E.M. : La nouvelle loi s’applique à des hypothèses bien déterminées de fin de vie ou d’obstination
déraisonnable, sans pour autant préciser nettement cette dernière notion. A cet égard, le Conseil
d’Etat dans sa décision du 14 juin 2014 a relevé qu’aux termes de la loi, le traitement n’ayant
« d’autre effet que le seul maintien artificiel de la vie » peut caractériser une obstination
déraisonnable. Il rappelle que l’alimentation et l’hydratation artificielles dont fait l’objet Vincent
Lambert constituent des traitements au sens de la loi du 22 avril 2005. Ce qui est intéressant dans
cette nouvelle loi c’est qu’elle vient renforcer la précédente loi Leonetti qui prohibait déjà
l’obstination déraisonnable pour les patients en fin de vie. Si Vincent Lambert est concerné par la
loi, il ne l’est que sur le terrain de l’obstination déraisonnable. A priori, la sédation profonde ne peut
lui être reconnue, car elle est réservée aux patients en fin de vie, dont le pronostic vital est engagé à
court terme, et ne concerne pas les personnes dans la fleur de l’âge dont l’existence se trouve
accidentellement brisée. La fin de vie au sens de la loi Claeys/ Leonetti demeure donc toujours liée
à l’âge ou à la maladie.
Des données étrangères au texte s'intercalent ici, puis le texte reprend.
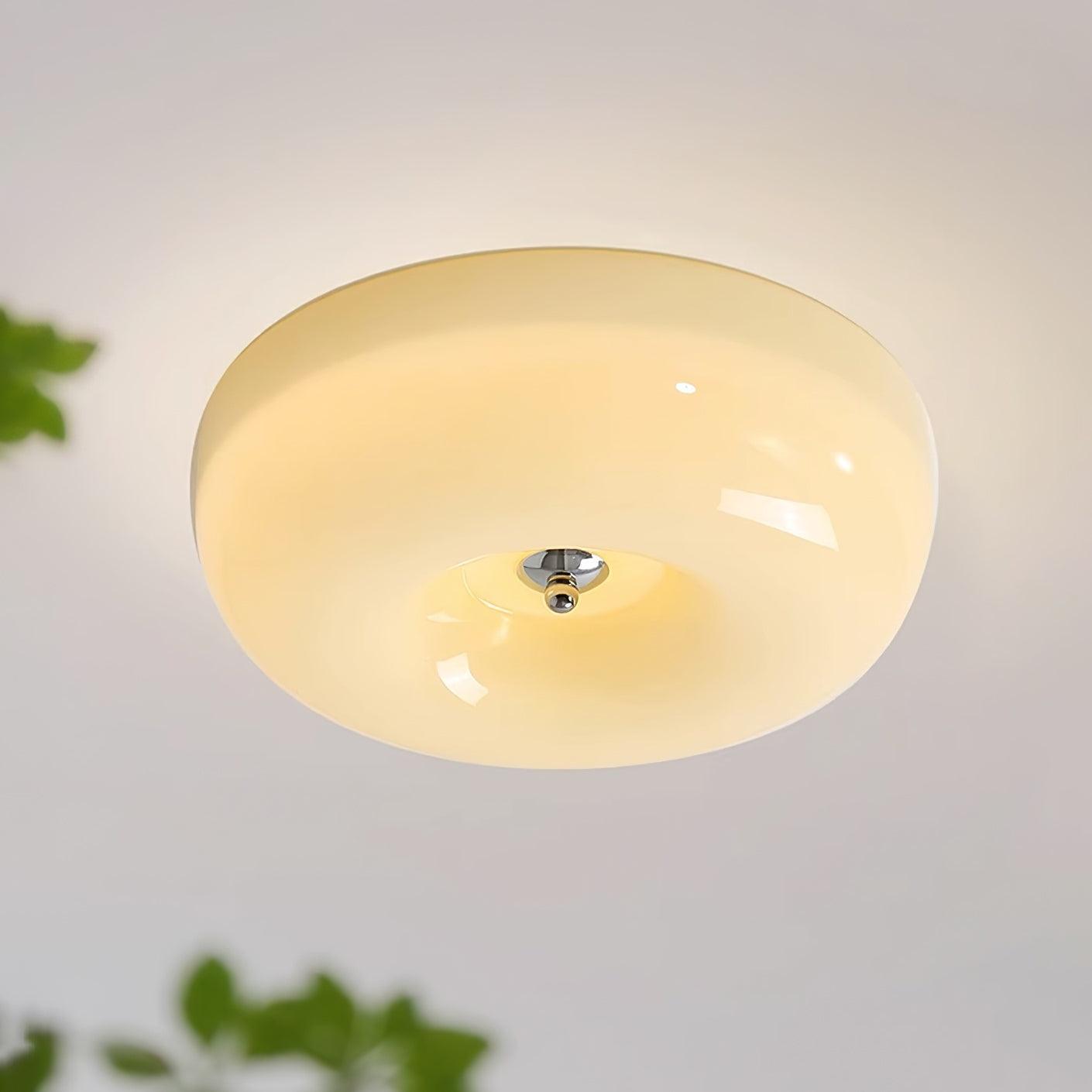 Round Glass Ceiling Lamp – Button Design with Integrated LED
La nouvelle loi fait montre de l’intention du législateur de garantir la lutte
contre l’obstination déraisonnable. Cependant, elle ne comble pas tous les vides juridiques.
Certaines questions restent en suspens : dans les faits, comment considérer et caractériser un
traitement d’obstination déraisonnable ?
*Futur article L1110-5-2 du CSP.
**Article L1110-5-3 du Code de la santé publique.
***Article L. 1111-11 du Code de la santé publique.